Through ten games played, Bernier owns the seventh best save percentage, 13th best goals against average and ranks fifth overall with 305 saves. Meanwhile, in a more limited role, Reimer owns the second best save percentage and the seventh best goals against average.
Given Toronto’s penchant for being outshot on a nightly basis (Toronto gives up 36.1 shots per game—29th overall), the performances of both Bernier and Reimer have been nothing short of impressive.
Heading into the season, both management and fans acknowledged that Bernier and Reimer would have to duke it out until one of the talented netminders emerged as the true number one option. Unfortunately, 14 games into the 2013-14 schedule, we are no closer to endorsing either Reimer or Bernier as Toronto’s number one goalie, which means Toronto Maple Leafs head coach Randy Carlyle is left with a 1 and 1A scenario.
Carrying a cap hit of $1.8 million, Reimer represents one of the NHL’s most affordable options between the pipes.
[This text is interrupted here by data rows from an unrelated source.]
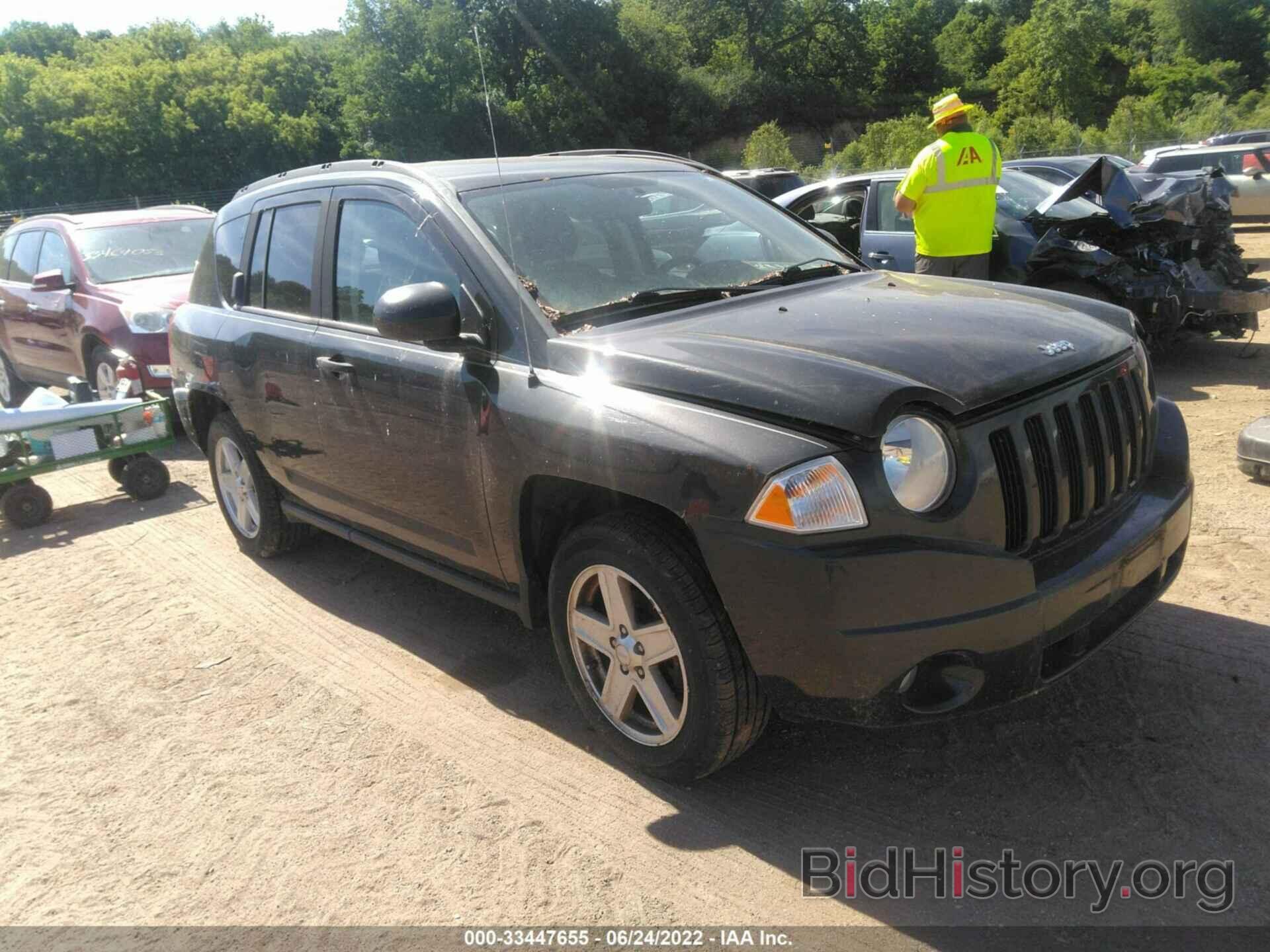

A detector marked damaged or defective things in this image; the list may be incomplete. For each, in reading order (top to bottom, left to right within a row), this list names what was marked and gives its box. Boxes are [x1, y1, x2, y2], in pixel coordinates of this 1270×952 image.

damaged red suv [0, 205, 213, 405]
damaged hood [545, 270, 1132, 442]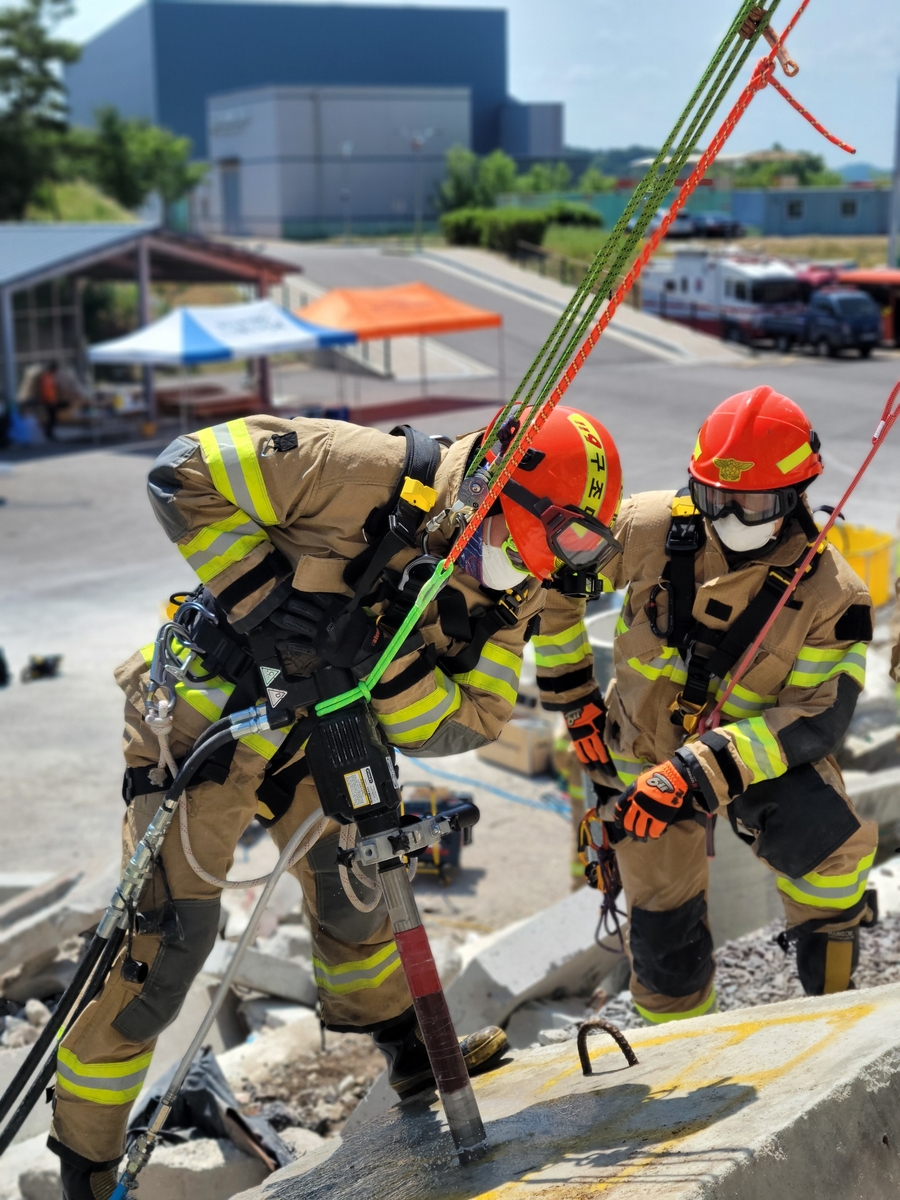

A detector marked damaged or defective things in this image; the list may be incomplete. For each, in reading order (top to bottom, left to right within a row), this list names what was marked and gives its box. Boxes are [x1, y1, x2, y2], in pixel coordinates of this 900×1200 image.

broken concrete slab [844, 764, 900, 828]
broken concrete slab [0, 856, 119, 980]
broken concrete slab [203, 936, 316, 1004]
broken concrete slab [444, 892, 624, 1032]
broken concrete slab [219, 1012, 324, 1088]
broken concrete slab [234, 984, 900, 1200]
broken concrete slab [134, 1136, 268, 1200]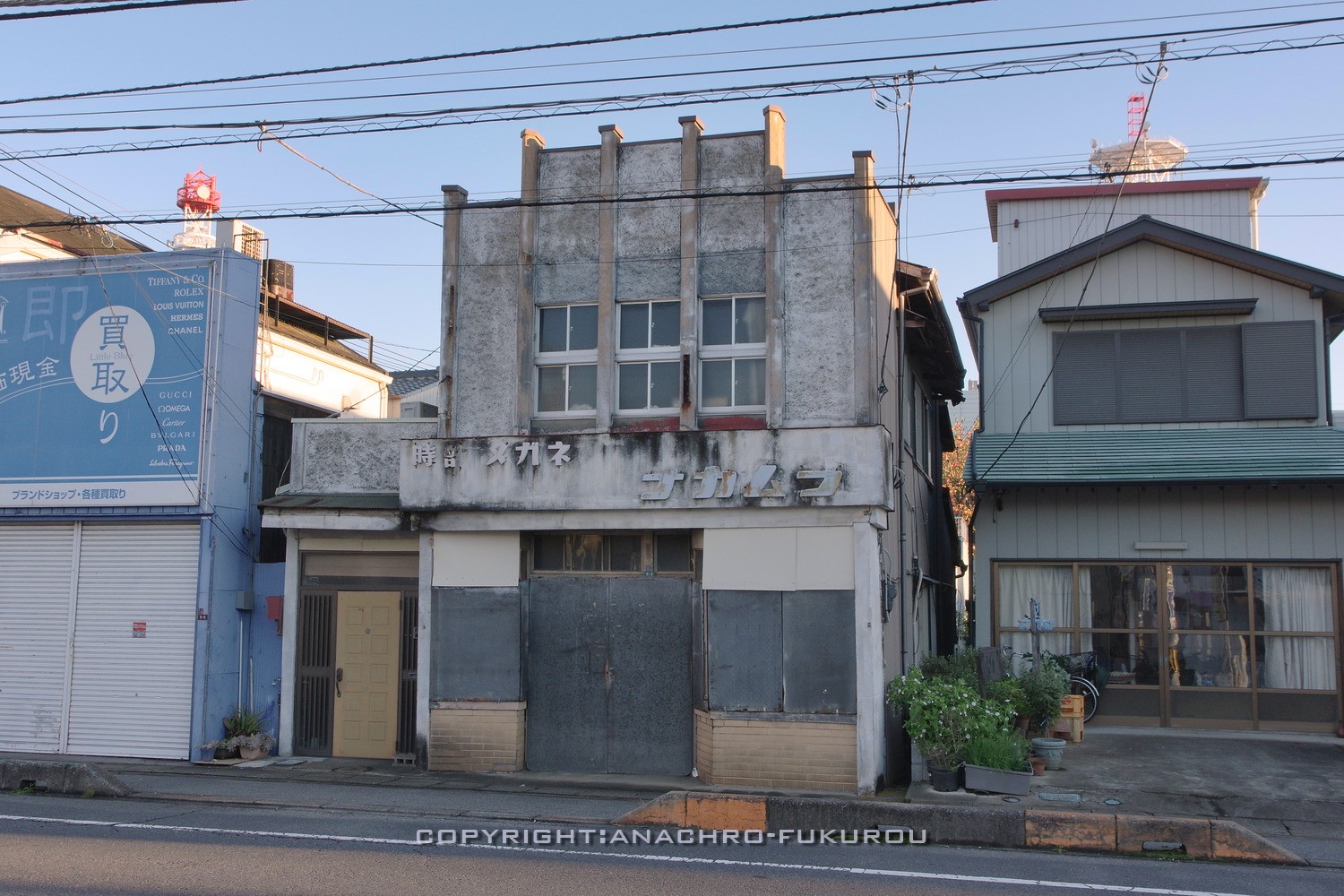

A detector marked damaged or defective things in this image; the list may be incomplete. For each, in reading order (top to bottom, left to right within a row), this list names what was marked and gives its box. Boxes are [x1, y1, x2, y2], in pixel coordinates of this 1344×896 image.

That said, Reimer becomes a restricted free agent after this season, which means his future with the Maple Leafs is in question, at best.
Bernier, carries a cap hit of $2.9 million. He too becomes a restricted free agent, but not until after the conclusion of the 2014-15 season. With Toronto Maple Leafs general manager trading for Bernier this off-season, it is doubtful he would trade Bernier, but one never knows.
With both netminders playing solid hockey, Toronto Maple Leafs general manager Dave Nonis has some options.
First, Nonis can keep both goaltenders in the fold, giving his club a measure of stability should one of them succumb to injury. Second, Nonis could trade one of his netminders for help up front. Trouble is, with both playing so well, which netminder goes?
Recently, the likes of the Anheim Ducks (Jonas Hiller, Viktor Fasth and now Frederik Anderson), Boston Bruins (Tim Thomas, Tuukka Rask), Vancouver Canucks (Roberto Luongo, Corey Schneider), and others have enjoyed a measure of success while employing two great goalies.
Thus far, Anaheim has chosen to hold onto their riches between the pipes, the Bruins watched as Thomas retired last season (subsequently came back and signed with the Florida Panthers this season) while the Canucks opted to trade Scheider to the New Jersey Devils.
In hindsight, holding onto both of their goaltenders has served Anaheim well. Allowing Thomas to leave/retire has been good for Boston, while the jury is still out on the Canucks’ decision to trade Schneider and keep Luongo.
The point is, whether you hold onto your netminder or trade them away, there really is no way of knowing what the future holds or what the right decision is at the time. In the end, each NHL GM must make an educated guess as to which netminder will excel in their market and decide if the market value for the expendable goalie will garner enough of a return for him to consider trading a valuable asset.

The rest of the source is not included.